» **Record set**:
* * *

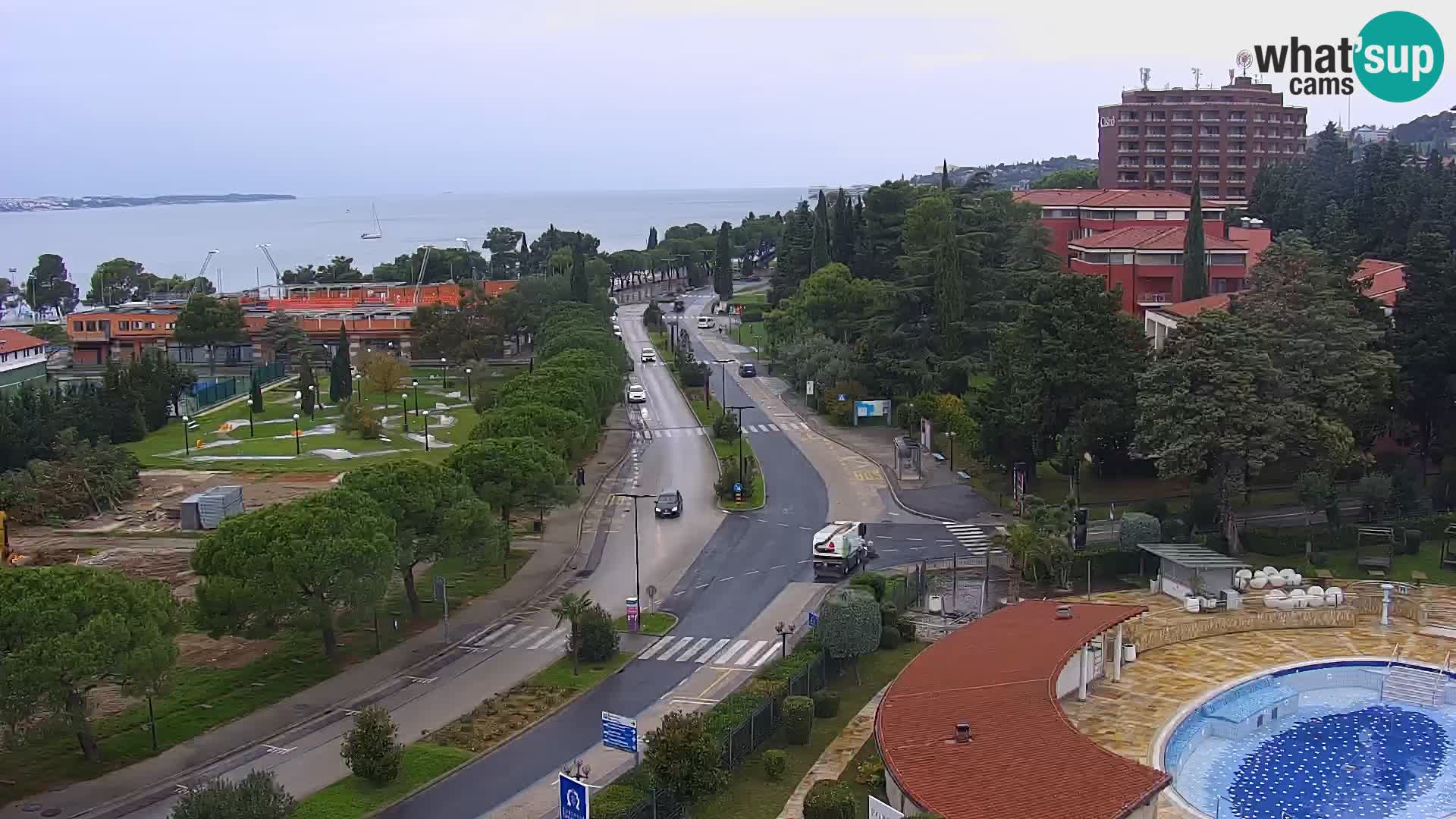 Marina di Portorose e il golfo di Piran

* * *

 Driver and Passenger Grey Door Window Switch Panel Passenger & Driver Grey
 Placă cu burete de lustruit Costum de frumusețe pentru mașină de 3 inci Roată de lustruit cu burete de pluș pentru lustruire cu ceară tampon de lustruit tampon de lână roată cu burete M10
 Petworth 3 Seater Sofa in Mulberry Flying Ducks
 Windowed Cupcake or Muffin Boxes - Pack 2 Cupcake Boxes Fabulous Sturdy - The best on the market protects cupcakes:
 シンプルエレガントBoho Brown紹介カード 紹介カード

* * *

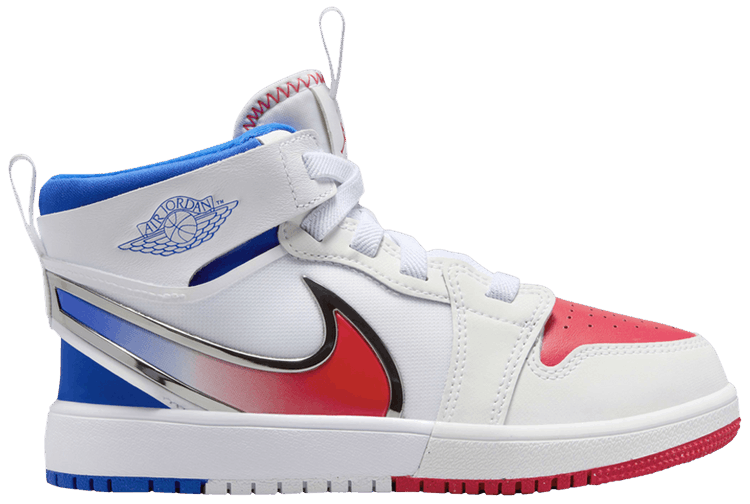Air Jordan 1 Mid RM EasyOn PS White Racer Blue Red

* * *

» **What the exercise asks**: Copy the lines above exactly, beginning at the line that has "Petworth 3 Seater" and stopping after the line that has "シンプルエレガントBoho Brown紹介カード 紹介カード", and omit the rest.

» **Task output**:
 Petworth 3 Seater Sofa in Mulberry Flying Ducks
 Windowed Cupcake or Muffin Boxes - Pack 2 Cupcake Boxes Fabulous Sturdy - The best on the market protects cupcakes:
 シンプルエレガントBoho Brown紹介カード 紹介カード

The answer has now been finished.